Decompresses FSP-compressed data
Args:
compressed (list): Compressed data in the format of a list of tuples (tag, data)
Returns:
list: The restored list of strings
"""
lines = []
base = None
for tag, data in compressed:
if tag == "BASE":
base = data
lines.append(base)
elif tag == "DIFF":
if base is None:
raise ValueError("BASE block must come before DIFF blocks")
# Create a copy of the base string for modification
current_chars = list(base)
# Apply all differences
for position, new_char in data:
if position < len(current_chars):
if new_char is None:
# Remove the character
current_chars.pop(position)
else:
# Replace the character
current_chars[position] = new_char
else:
if new_char is not None:
# Add a new character
current_chars.append(new_char)
# Convert back to a string and add to the result
reconstructed_line = ''.join(current_chars)
lines.append(reconstructed_line)
elif tag == "RAW":
lines.append(data)
return lines
# Example usage
if __name__ == "__main__":
# Input data for compression
test_data = [
"Hello friend!",
"Hello fiend!",
"Hello friends!",
"Hello friend!"
]
print("Original data:")
for i, line in enumerate(test_data):
print(f"{i}: {line} (length: {len(line)} bytes)")
# Compression
compressed_data = fsp_compress(test_data)
print("\nCompressed data:")
for tag, data in compressed_data:
if tag == "DIFF":
print(f"{tag}: {len(data)} differences")
else:
print(f"{tag}: {data}")
# Decompression
decompressed_data = fsp_decompress(compressed_data)
print("\nDecompressed data:")
for i, line in enumerate(decompressed_data):
print(f"{i}: {line}")
# Check for correctness
assert test_data == decompressed_data, "Error: Decompressed data does not match the original!"
print("\n✓ Check passed: Data correctly restored!")
# Calculate compression efficiency
original_size = sum(len(line.encode('utf-8')) for line in test_data)
compressed_size = 0
for tag, data in compressed_data:
if tag in ("BASE", "RAW"):
compressed_size += len(data.encode('utf-8'))
elif tag == "DIFF":
# Assuming each difference takes ~2 bytes
compressed_size += len(data) * 2
ratio = original_size / compressed_size
print(f"\nCompression efficiency:")
print(f"Original size: {original_size} bytes")
print(f"Compressed size: ~{compressed_size} bytes")

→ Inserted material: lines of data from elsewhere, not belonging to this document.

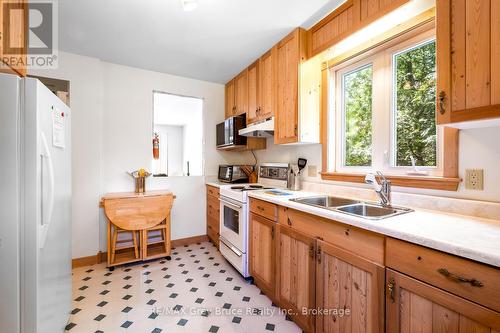 Spacious kitchen with pass-through to dining room. - 159 Zorra Drive, Northern Bruce Peninsula, ON - Indoor Photo Showing Kitchen With Double Sink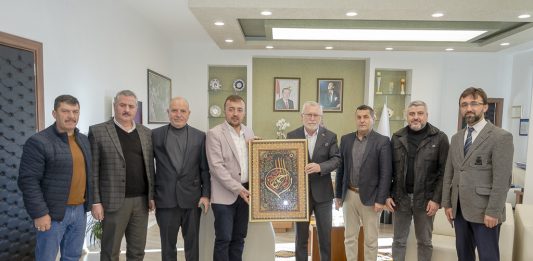 BOLİMDER Başkanı Altundağ ve Dernek Üyeleri, Rektör Alişarlı’yı Ziyaret Etti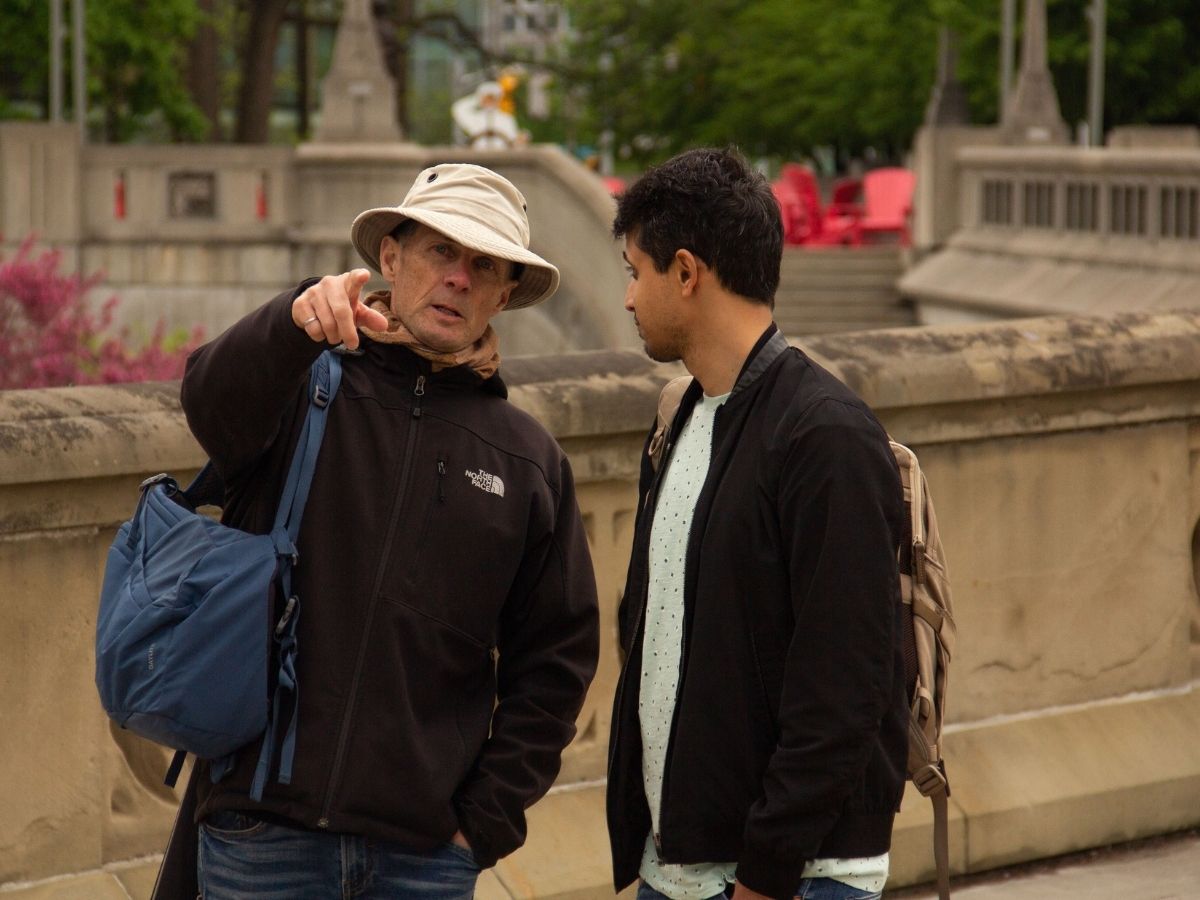 Two men talking, wearing backpacks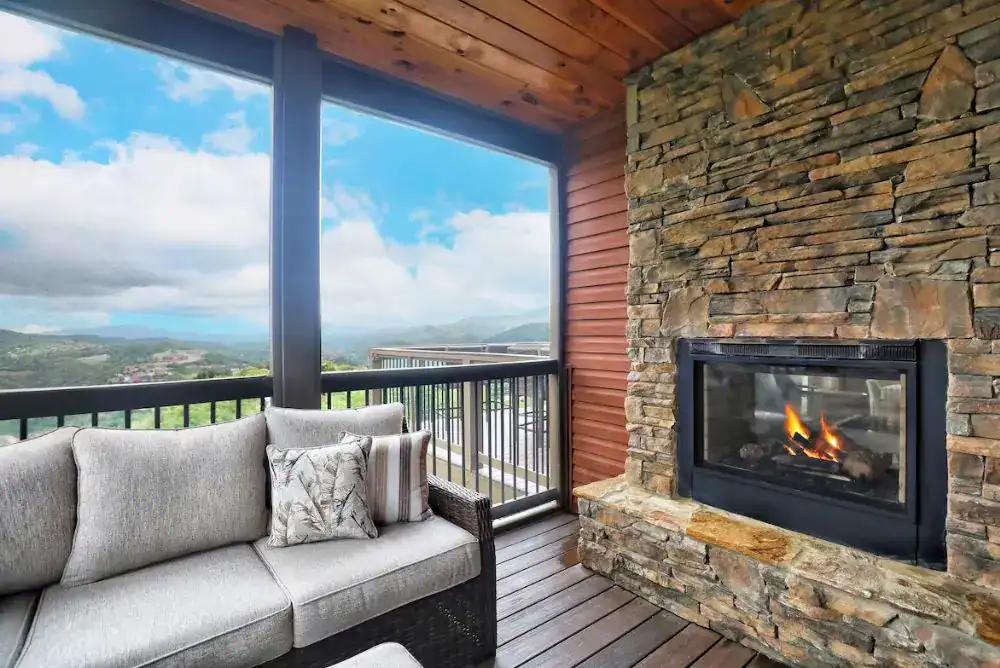 Outdoor living area and fireplace with Smoky Mountain views.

print(f"Compression ratio: {ratio:.2f}")
Input data:
["Hello friend!", "Hello fiend!", "Hello friends!", "Hello friend!"]
Compression process:
Compression result:
[("BASE", "Hello friend!"), ("DIFF", [(7, 'i'), (8, 'e'), (9, 'n'), (10, 'd'), (11, '!'), (12, None)]), ("DIFF", [(12, 's'), (13, '!')]), ("DIFF", [])]
The algorithm can be adapted to work with binary data by comparing bytes instead of characters:
def fsp_diff_binary(a: bytes, b: bytes):
diffs = []
max_len = max(len(a), len(b))
for i in range(max_len):
byte_a = a[i] if i < len(a) else None
byte_b = b[i] if i < len(b) else None
if byte_a != byte_b:
diffs.append((i, byte_b))
return diffs
Characteristic | FSP | ZIP | RLE | LZ77 |
---|---|---|---|---|
Efficiency for small data | High | Low | Medium | Low |
Overhead | Minimal | High | Low | Medium |
Implementation complexity | Low | High | Very Low | High |
Compression speed | High | Medium | Very High | Medium |
Compression ratio | High for similar data | High for large data | Low | High |
Unlike dictionary methods (LZ77, LZ78), FSP does not require storing a dictionary. Unlike entropy methods (Huffman, Arithmetic), FSP does not require complex probability calculations.